Required action:
Once you find the line below that has "Sophisticated men's suits", output it and every line after it exactly, stopping after the line that has "The Manas International", with no pictures.
### Data to use
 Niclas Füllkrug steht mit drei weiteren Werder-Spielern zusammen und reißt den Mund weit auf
######
### Data to use
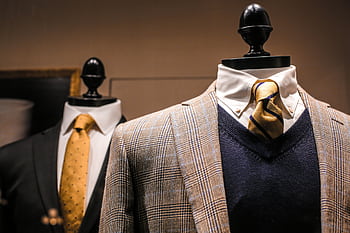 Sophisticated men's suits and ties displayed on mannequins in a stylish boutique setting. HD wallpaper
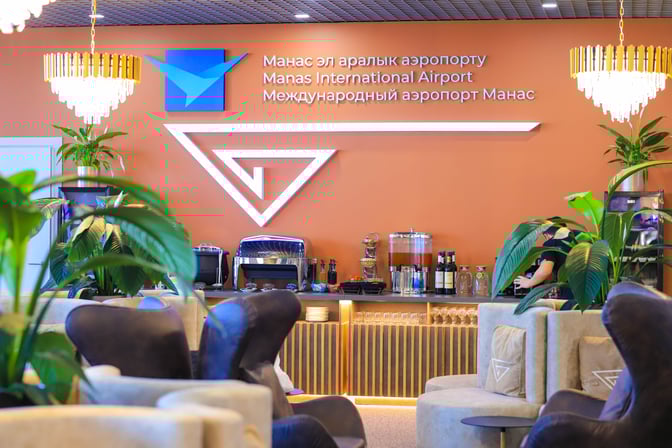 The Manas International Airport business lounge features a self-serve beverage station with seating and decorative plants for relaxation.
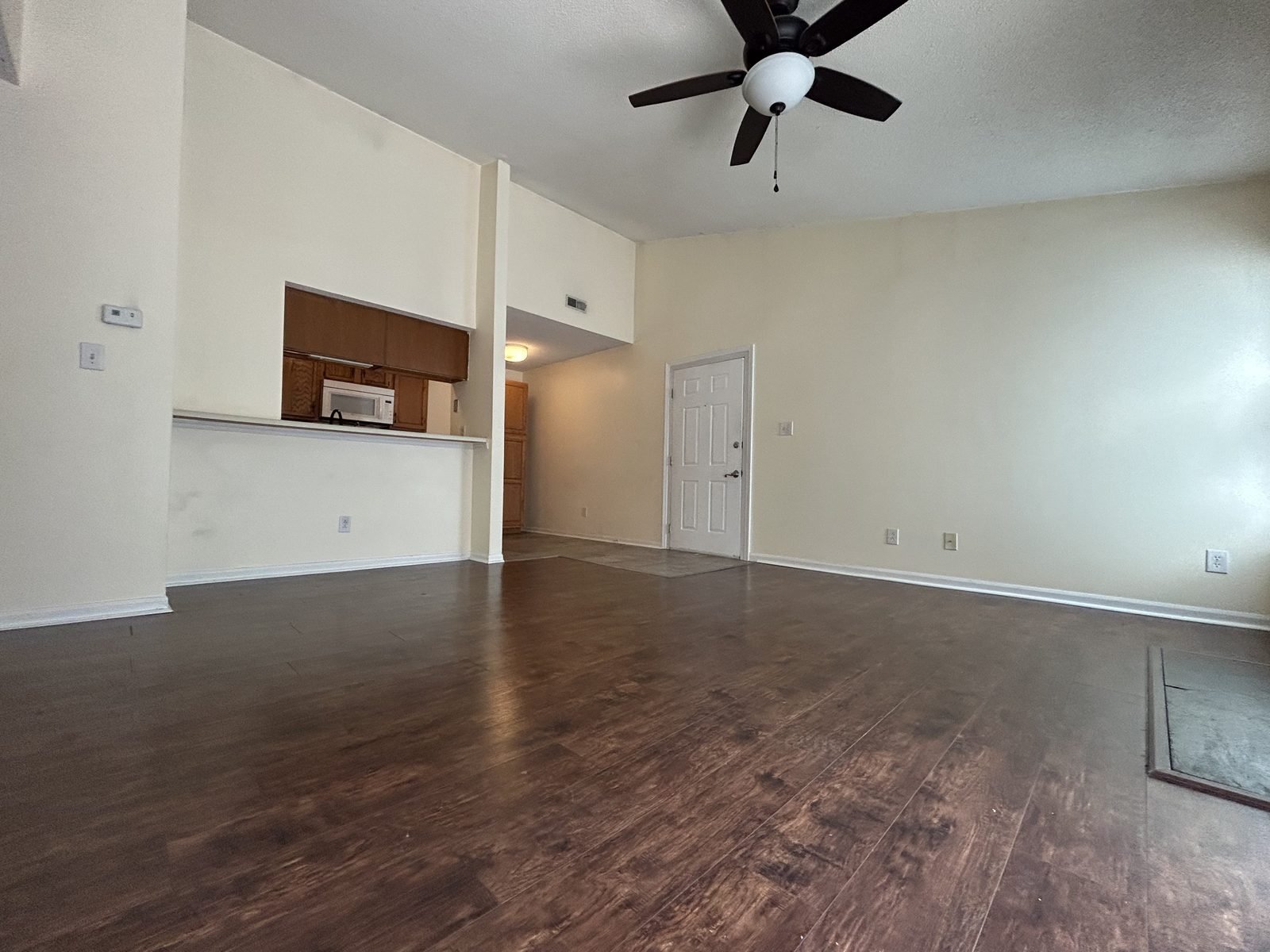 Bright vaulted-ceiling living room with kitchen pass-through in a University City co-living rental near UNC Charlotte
######
### Data to use
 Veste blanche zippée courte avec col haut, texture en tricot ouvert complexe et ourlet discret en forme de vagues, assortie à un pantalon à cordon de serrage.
######
Exercise solution:
 Sophisticated men's suits and ties displayed on mannequins in a stylish boutique setting. HD wallpaper
 The Manas International Airport business lounge features a self-serve beverage station with seating and decorative plants for relaxation.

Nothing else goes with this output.